You could tell that National Legal Panel had some serious heft: The event (like the National Politics Panel, which followed) was held in the Constitution Center on Friday, and introduced by a public relations/education leader there. And then there was the way the panelists filed in — in single file, from stage right, while being announced like the day’s contestants on Jeopardy!

The credentials and background of the panelists, along with the absurd depth of their knowledge, justified this folderol. Moderator Jennifer Pizer is the Legal Director at the Williams Institute (LGBT research initiative) at UCLA; William Eskridge is a Yale law professor who has written extensively on many issues related to the LGBT community, but perhaps especially about marriage equality; Hayley Gorenberg is the Deputy Director of Lambda Legal and has litigated many high-profile cases; and Janson Wu is a staff attorney for the Gay and Lesbian Legal Defenders (“GLAD”) who has also been successful in cases brought in New England to secure LGBT rights — especially with regard to the vile Defense of Marriage Act.

In fact, the panelists had so much to say that one post can’t do the panel justice. In this Part I, let’s talk about Eskridge’s analysis of the Prop 8 litigation. (Stay tuned for a second post in a day or two.)

Pizer’s effective style was to get each panelist to catch the audience up on recent developments by asking a series of provocative, yet open-ended questions. Eskridge began the discussion by asking us how many thought there’d be full marriage equality in the U.S. within five, then ten, then twenty years. When he moved from ten to twenty years, the “yes” vote jumped from about half to almost all. And, as it turned out, that’s what Eskridge thinks, too. Instead of saying that directly, he used the progress of the Proposition 8 litigation to make his point. He’s hoping for a narrow win that would toss out Prop 8 — and thereby restore marriage equality to California — but leave other anti-equality laws intact.

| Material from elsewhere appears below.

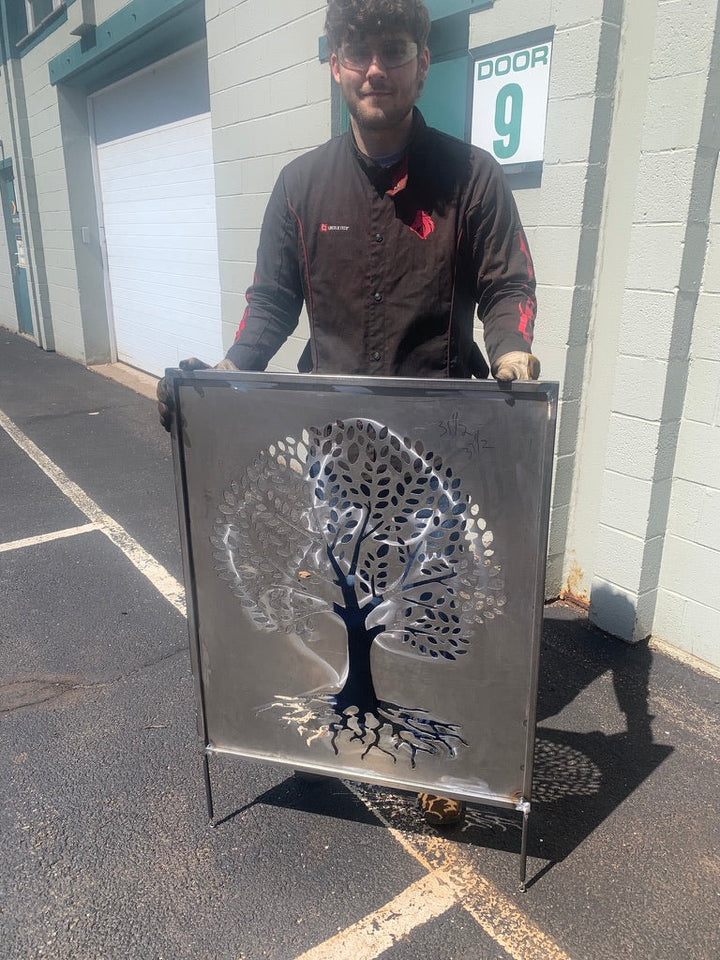 Metal Privacy Screen / Tree of Life Wall Art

As we know, Prop 8 is now before the Ninth Circuit court of appeals. The Prop 8 opponents (our side!) have won in both the federal district (trial) court and before a three-judge panel of the Ninth Circuit. Next, the judges are soon to decide whether to rehear the case en banc (in a group of twelve judged), or decline to do so, in which case the matter could be appealed to the U.S. Supreme Court right away. (The Court would not be obligated to hear the case; in that event, the decision by the Ninth Circuit that Prop 8 is unconstitutional would stand).

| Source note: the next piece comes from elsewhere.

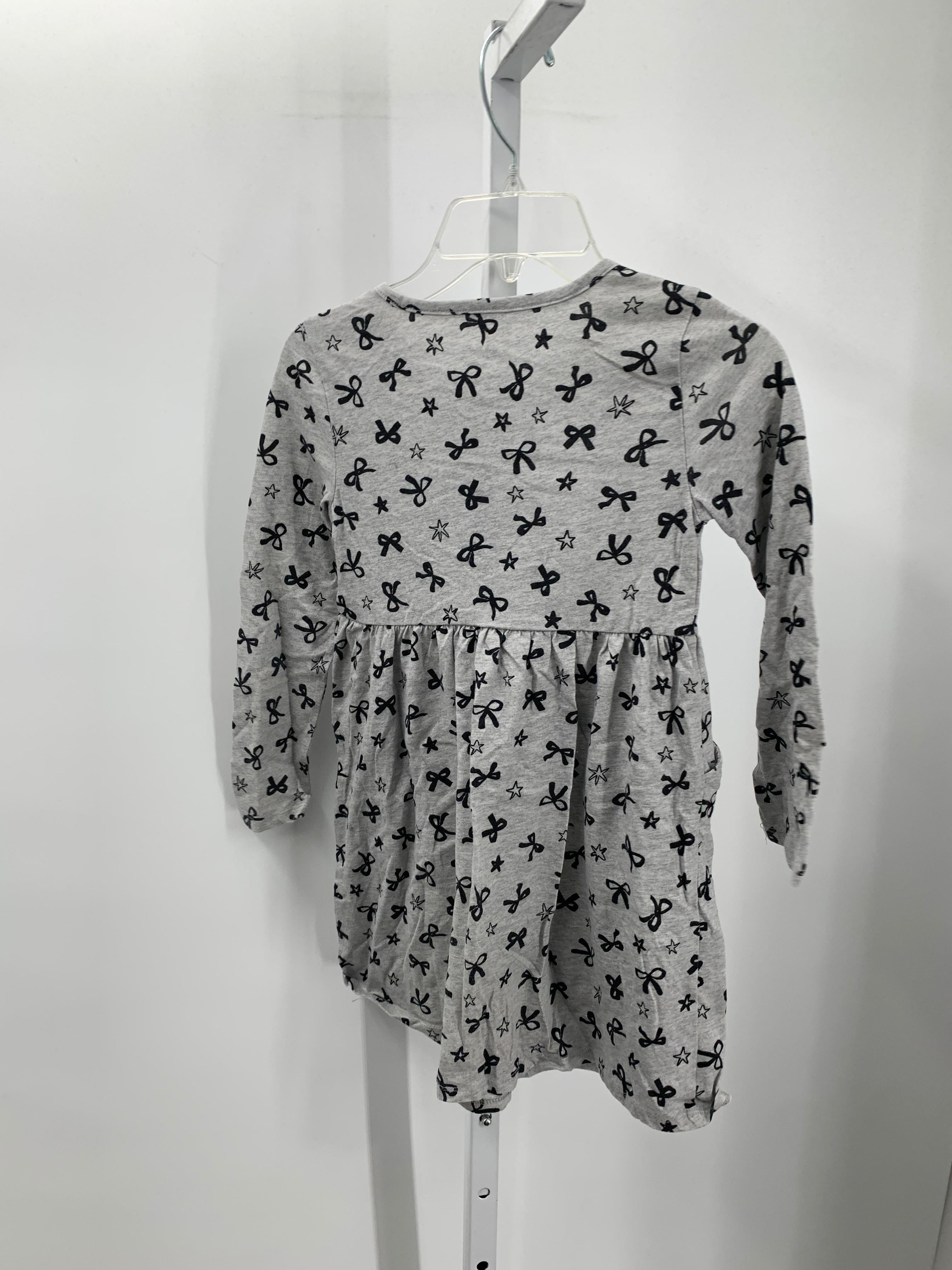 Wonder Nation Size 6/6X Girls Long Sleeve Dress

The most interesting aspect of Eskridge’s presentation was his discussion of the narrow basis on which the Ninth Circuit had decided the case — a basis, it turns out, that Eskridge had advocated in an amicus brief he filed with the court. Instead of asking the appellate court to affirm the lower court’s broad ruling that excluding same-sex couples from marriage is a violation of both their right to equal protection under the law and of the fundamental right to marry, the Eskridge brief, asked the court to rule that Prop 8 is unconstitutional only because it bears a close resemblance to another Supreme Court case, Romer v. Evans. In Romer, the court ruled that an amendment to the Colorado state constitution that prevented localities from providing gays and lesbians with legal protections was a violation of equal protection of the law in the most fundamental way. Eskridge drew three clear parallels between that case and Prop 8:

(1) Voters took away a fundamental right from a discriminated-against minority (before Prop 8, same-sex couples had a right to marry that the California Supreme Court had identified from principles in the state’s constitution);

(2) The rationalizations for Prop 8 sweep too broadly. Let’s put this in terms non-lawyers can understand, by using an example. One of the procreation arguments advanced to justify the measure is that marriage is needed to increase the chances that opposite-sex couples who “accidentally procreate” will stay together. But how  is this end served taking away the right of same-sex couples to marry?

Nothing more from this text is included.